------ Provided data ------
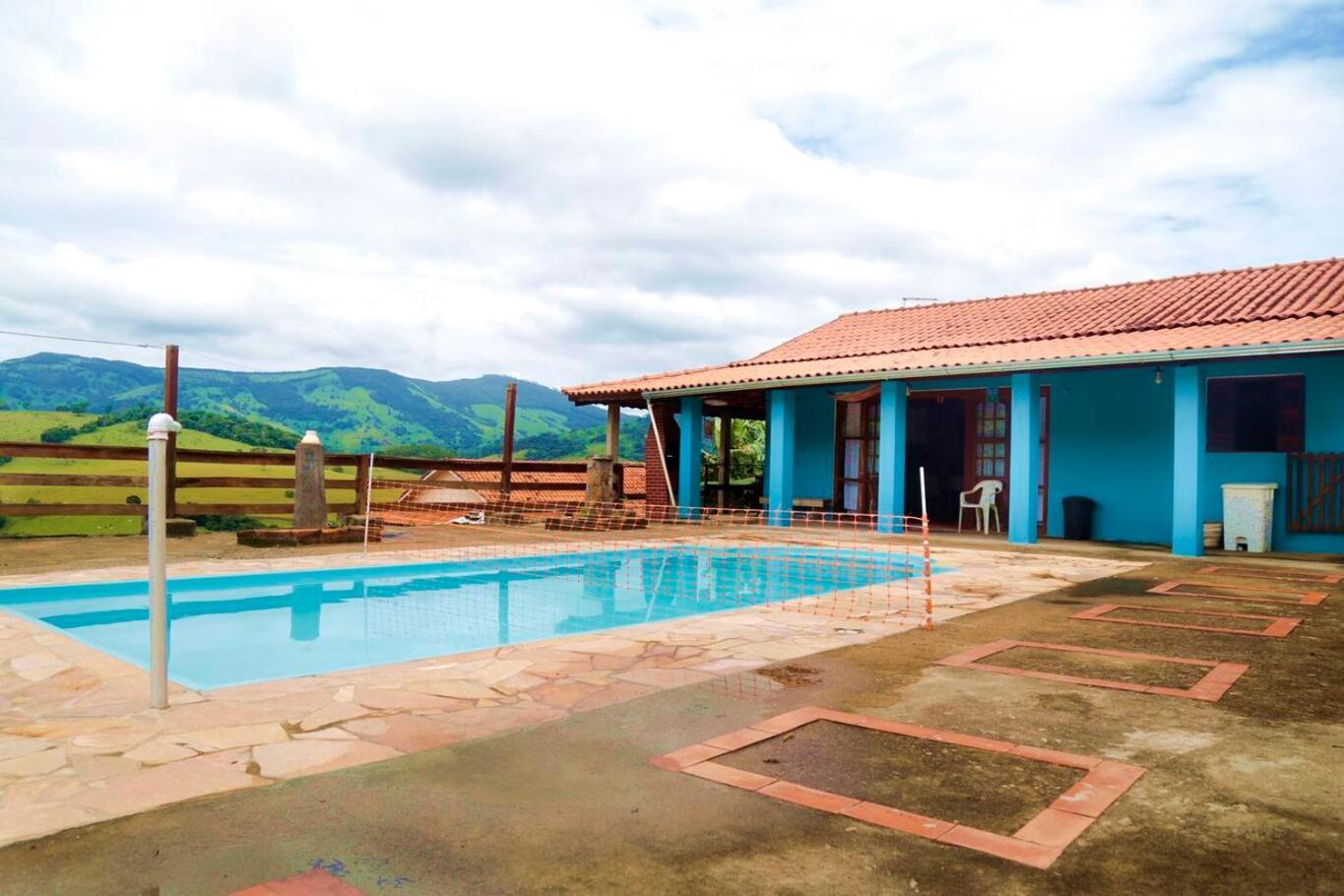 Holiday home Incrivel Chacara Com Pisc E Churrasq Em Mg *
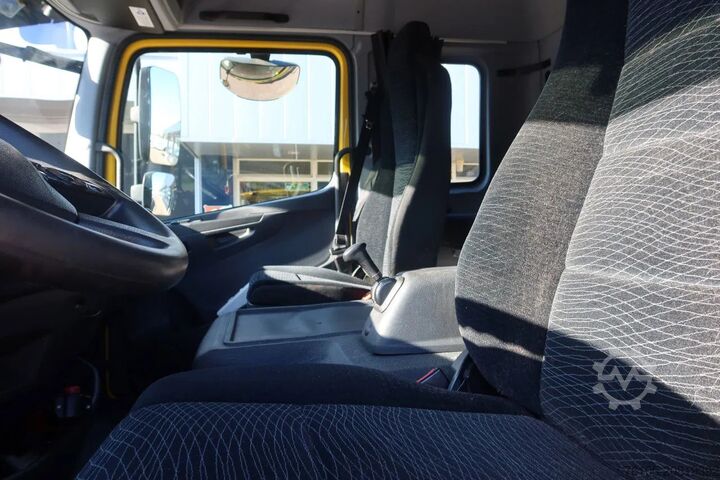 Bestelwagen autodrager Mercedes-Benz Atego 1221 L Takelwagen 6 Persoons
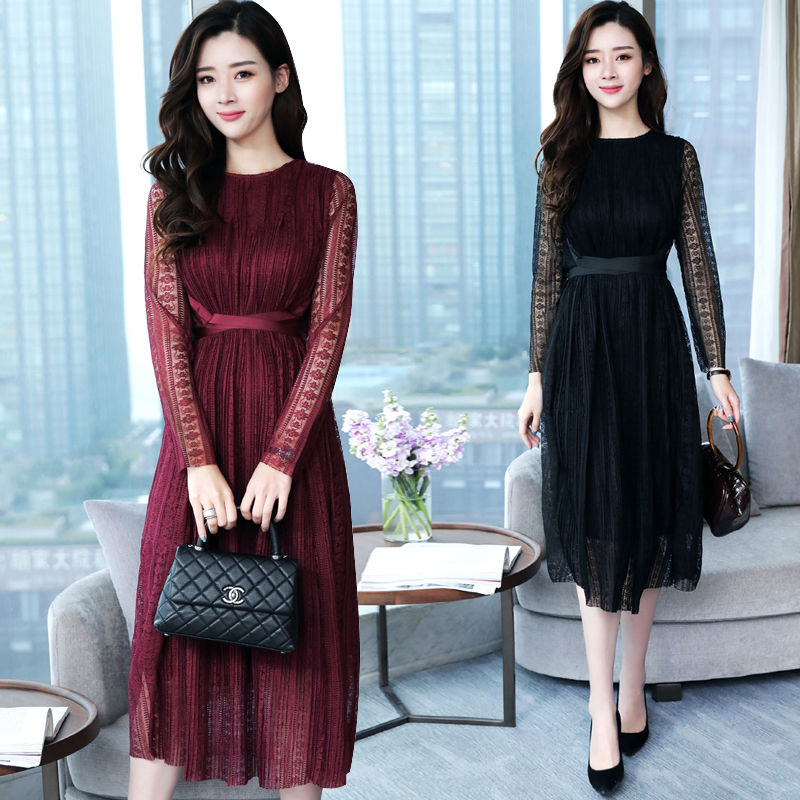 性感的女人就是大胆!瞧下图这个女人，性感妩媚女人味十足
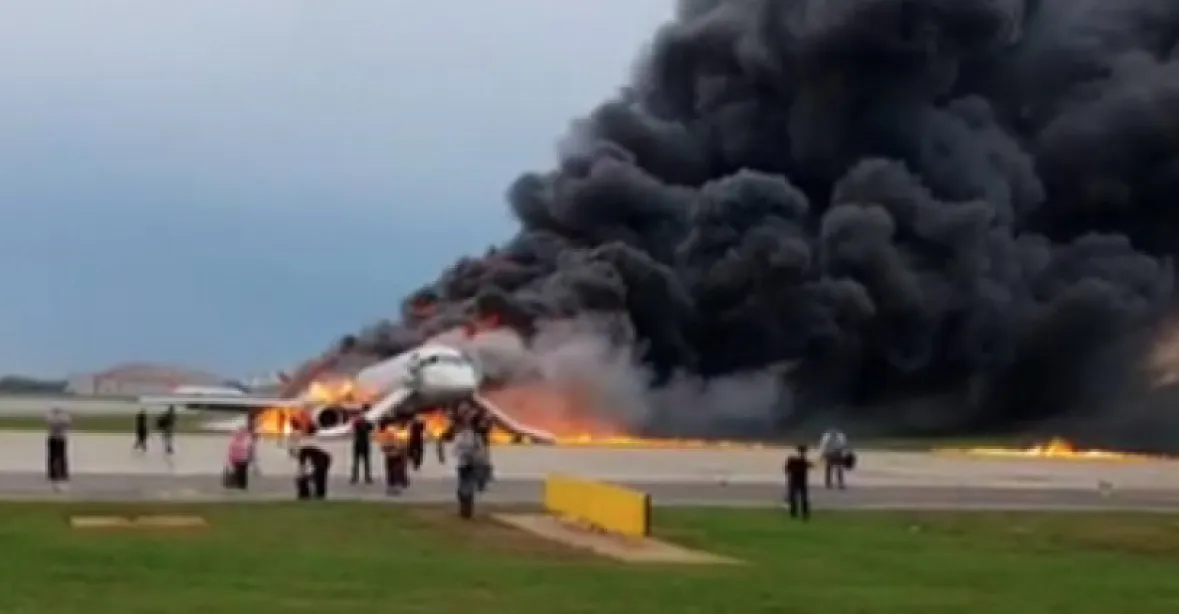VIDEO: 41 mrtvých po přistání hořícího letadla. Je za tragédií úder blesku?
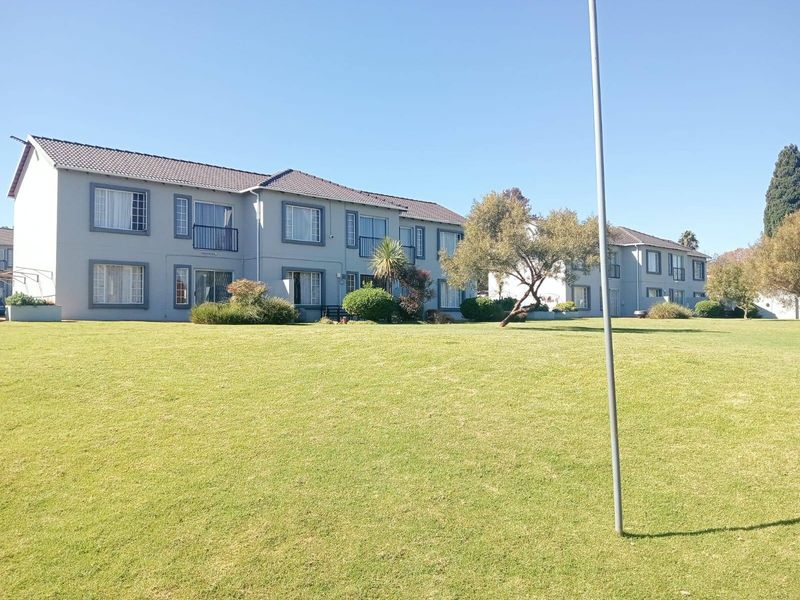 Apartment For Sale In Roodepoort - Photo 4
------
## Task directions
A faithful copy of each entry is required, and no picture may be carried into it.

## Exercise result
 Holiday home Incrivel Chacara Com Pisc E Churrasq Em Mg *
 Bestelwagen autodrager Mercedes-Benz Atego 1221 L Takelwagen 6 Persoons
 性感的女人就是大胆!瞧下图这个女人，性感妩媚女人味十足
VIDEO: 41 mrtvých po přistání hořícího letadla. Je za tragédií úder blesku?
 Apartment For Sale In Roodepoort - Photo 4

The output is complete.